Task prompt:
If pictures appear among the lines below, leave them out while you return exactly the lines from the one with "The ducts for" through the one with "A staircase with".

Saved data entries:

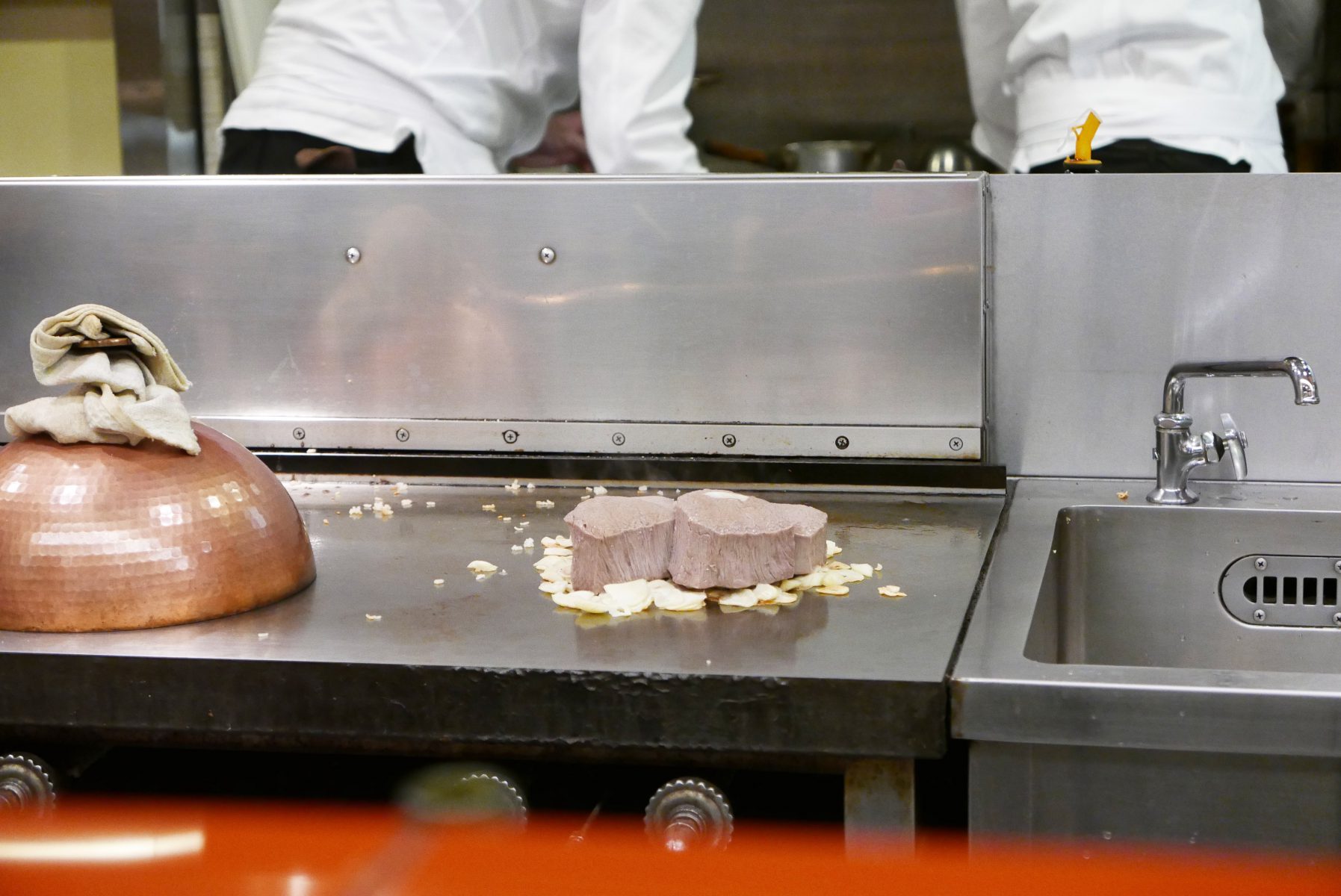 Tenderloin places on the bed of garlic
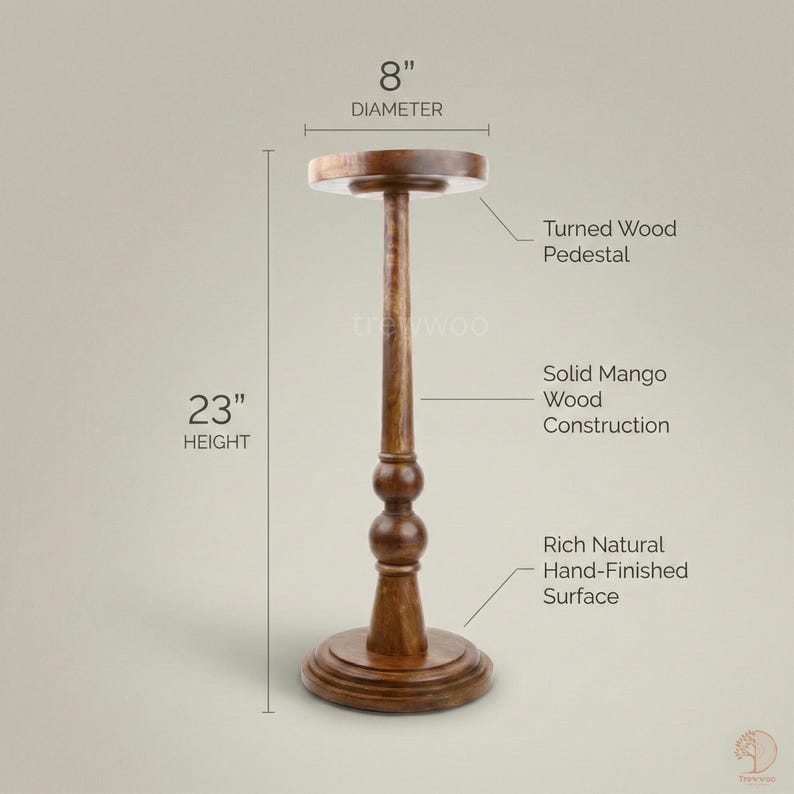 May include: A turned wood pedestal with a rich, hand-finished surface. The solid mango wood construction has a diameter of 8 inches and a height of 23 inches.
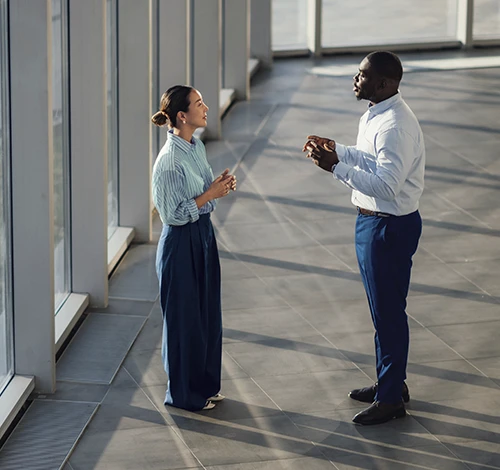 two persons talking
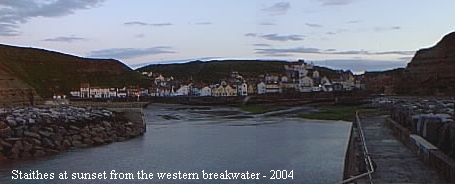 A view looking back towards the town from the western breakwater at dusk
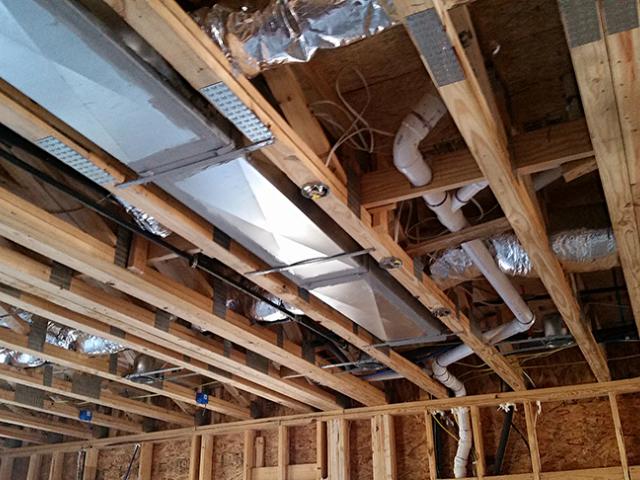 The ducts for the home's high-efficiency gas furnace and air-conditioning systems were located within the home's conditioned space.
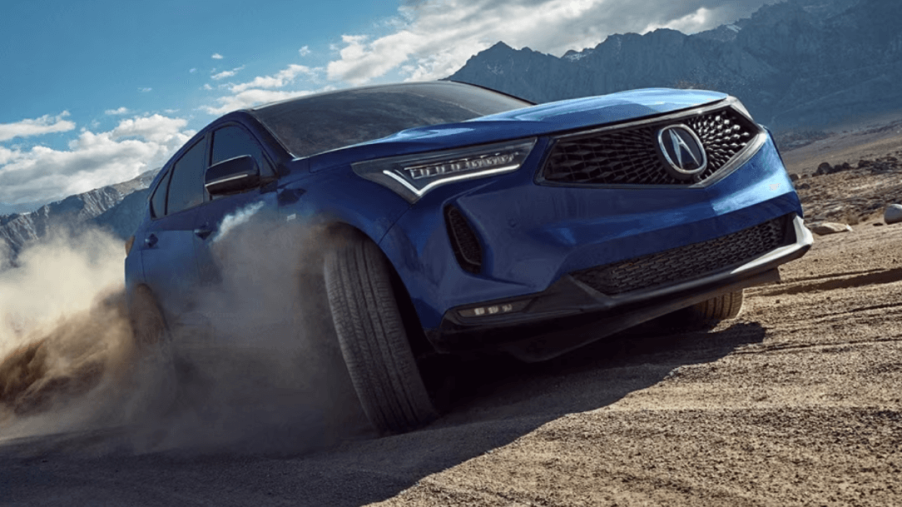 A 2024 Acura RDX compact luxury SUV model driving on off-road dirt as its tires spin up dust clouds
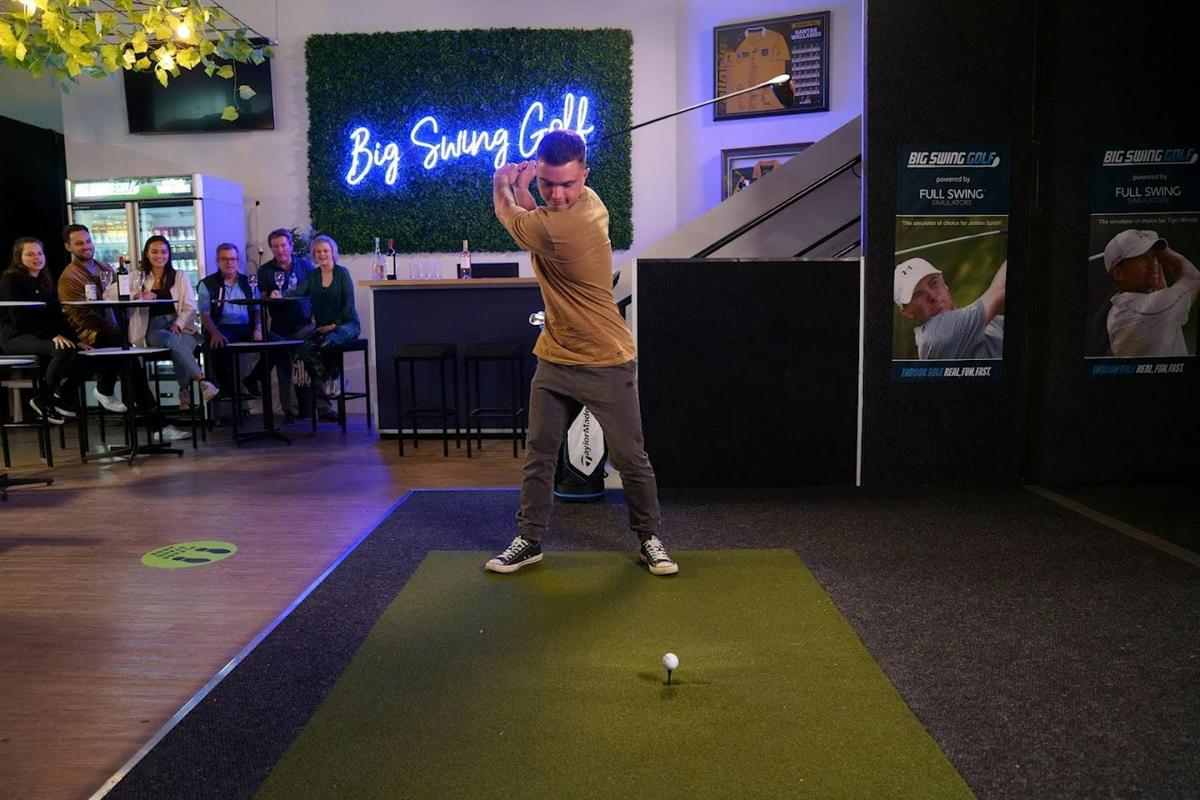 a photo of a man  hitting a ball in a big swing simulator, he ios in the middle of his backswing....
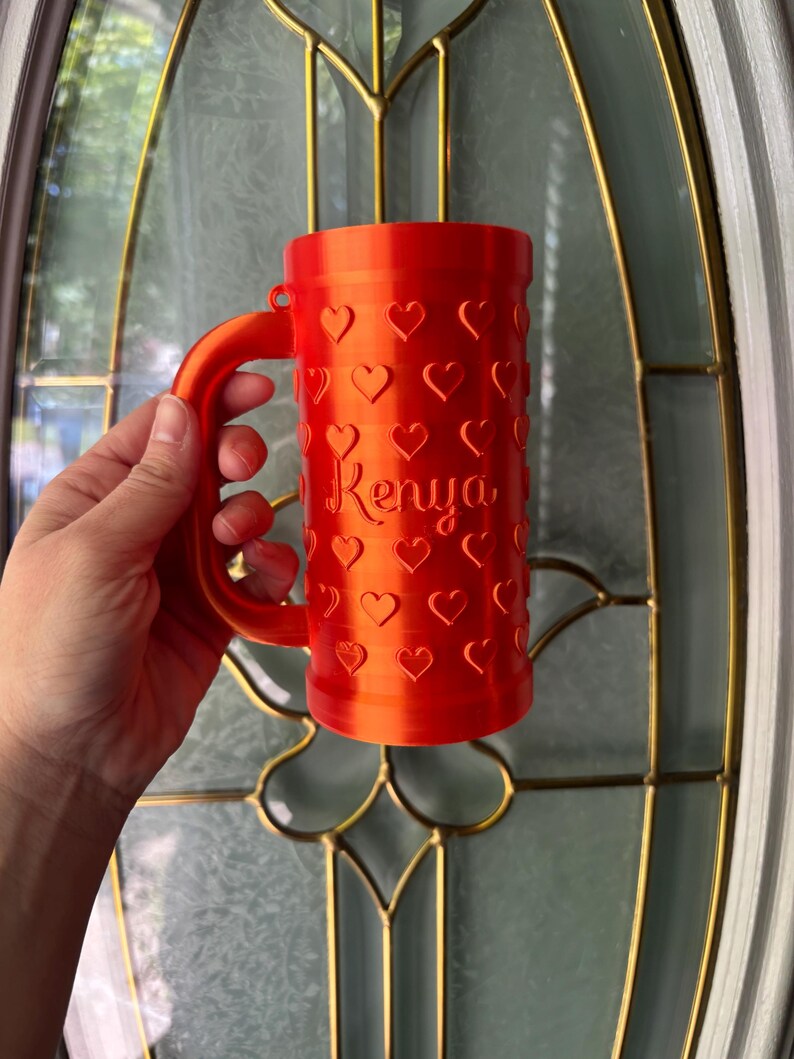 K&ouml;nnte beinhalten: Eine leuchtend orangefarbene Tasse mit Henkel, bedeckt mit herzf&ouml;rmigen Aussparungen. Der Name "Kenya" ist auf der Seite aufgedruckt. Die Tasse wird vor einer Glast&uuml;r gehalten.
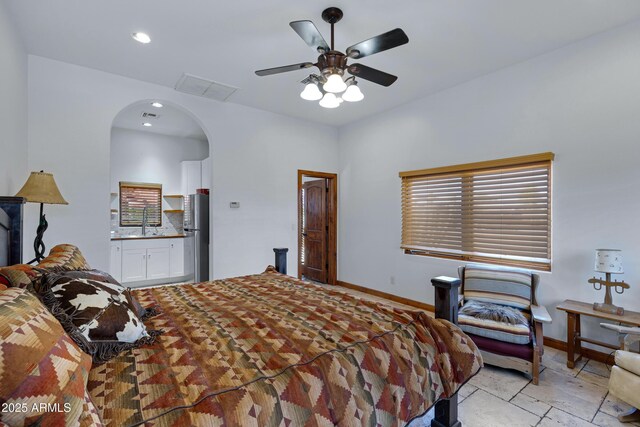 21230 S 156th St, Gilbert, AZ 85298 - bedroom featuring arched walkways, freestanding refrigerator, baseboards, recessed lighting, and a ceiling fan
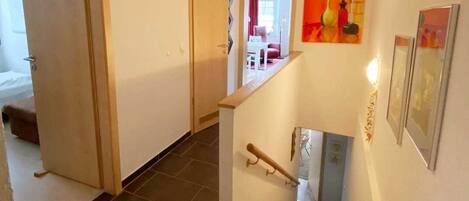 A staircase with a handrail, a door leading to another room, and a painting on the wall.
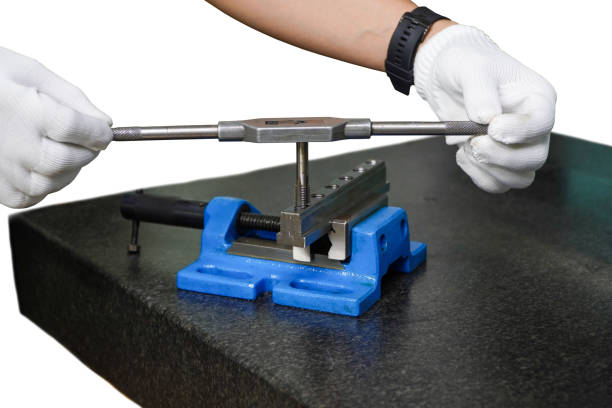 istock Stainless steel threaded taps by hand taps on a white background,for threading tap wrench 1436995623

Exercise output:
 The ducts for the home's high-efficiency gas furnace and air-conditioning systems were located within the home's conditioned space.
 A 2024 Acura RDX compact luxury SUV model driving on off-road dirt as its tires spin up dust clouds
 a photo of a man  hitting a ball in a big swing simulator, he ios in the middle of his backswing....
 K&ouml;nnte beinhalten: Eine leuchtend orangefarbene Tasse mit Henkel, bedeckt mit herzf&ouml;rmigen Aussparungen. Der Name "Kenya" ist auf der Seite aufgedruckt. Die Tasse wird vor einer Glast&uuml;r gehalten.
 21230 S 156th St, Gilbert, AZ 85298 - bedroom featuring arched walkways, freestanding refrigerator, baseboards, recessed lighting, and a ceiling fan
 A staircase with a handrail, a door leading to another room, and a painting on the wall.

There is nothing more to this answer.